Am I the only person in the world who feels kind of melancholic when I watch certain kids TV programmes?
My 3.5 year old watches a programme called Moon & Me, designed for bedtime. The premise is simple – a young child says good night to all the toys in her dolls’ house, and goes to bed. Little does she realise, her toys come to life at night time, and her toy Pepi Nana writes to the Moon Baby asking if he’d like a story. Then, they wake all of the toys in the house up and they all tell the most wonderful, surreal stories before going back to bed. Moon Baby then chimes on his special instrument (the magical Kalimba), gets into his space suit, and flies back to the moon.
A lot of parents complain about watching programmes with their kids – how Peppa Pig is about to drive them to commit murder. I understand – some programmes are absolutely unbearable and I am very guilty of vetting what my daughter watches so that I’m not pushed into that space (I learned the hard way not to allow a free for all on Netflix – she started watching an atrocious programme called Mini Force which seemed to completely sedate her brain and had ZERO education or meaning to it and was simply a time sink). It was entertainingly bad for one or two episodes, but the mum guilt soon took hold and I hated myself for allowing her wonderful brain to be dulled by such meaningless crap. I grew up with Thundercats, My Little Pony, The Legend of Prince Valiant – cartoons that had challenging questions about morality, lessons about tolerance, and occasional horror that scares me more today than it ever did when I was a young child.
Anyway, I’m always stunned by my response to certain things that she watches. The quiet, contemplative programmes have a strong effect on me. I find them comforting, and not at all silly. They are wonderful lessons in imaginative storytelling & the beauty of letting yourself wander in the realm of the fantastic for a while. There is something so soft about it all, so comforting, and peaceful. Amongst all of those feelings is a strange kind of sadness, perhaps a reflection of a childhood that I feel that I lost. An innocence and purity that I’m unsure I’ll ever be able to claim again now that I’m older, and fully aware of the less than ideal circumstances of my upbringing. I don’t know. Maybe it’s just the joy of seeing my daughter lost in such wonderful imaginary worlds, claiming some of that precious, pure investment in the magic of the unreal that young minds seem able to embrace so wholeheartedly, without any of the cynicism that plagues us as we get older.

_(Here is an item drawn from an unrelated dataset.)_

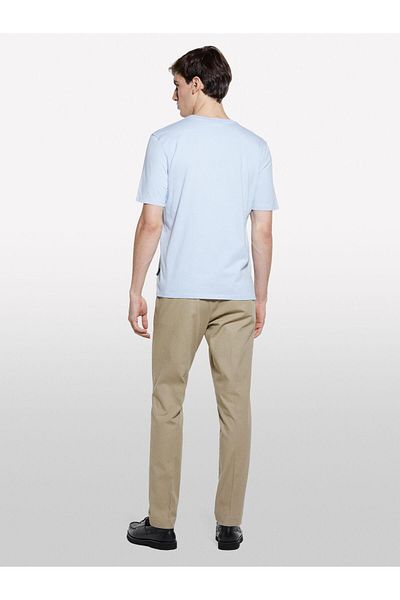 Sisley 100% Cotton Regular Fit Crew Neck Short Sleeve T-Shirt Men's Blue T-Shirt - 325P3I1Xs101J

Maybe it’s just the joy of seeing my daughter lost in such wonderful imaginary worlds, claiming some of that precious, pure investment in the magic of the unreal that young minds seem able to embrace so wholeheartedly, without any of the cynicism that plagues us as we get older.
Whatever it is, it’s powerful. Wonderful. Are there any other parents out there who love to hunker down with their kids and lose themselves in an episode of Moon & Me, or take a trip to the Clangers Planet, holding back the tears as they share something otherworldly and magical with their bonkers preschooler?
As a side note and confession, I am guilty of actually enjoying Teletubbies. Well, I enjoy watching it with my daughter, because she gets SO MUCH JOY out of singing along to the opening and closing sequences! I sit there, conflicted, because I know that all of these programmes are manipulative, but equally, I wonder whether it’s worth worrying about– everything we consume is manipulative, right? Perhaps being manipulated by a programme where the sun is an actual baby is one of the better ways to let television get inside your head.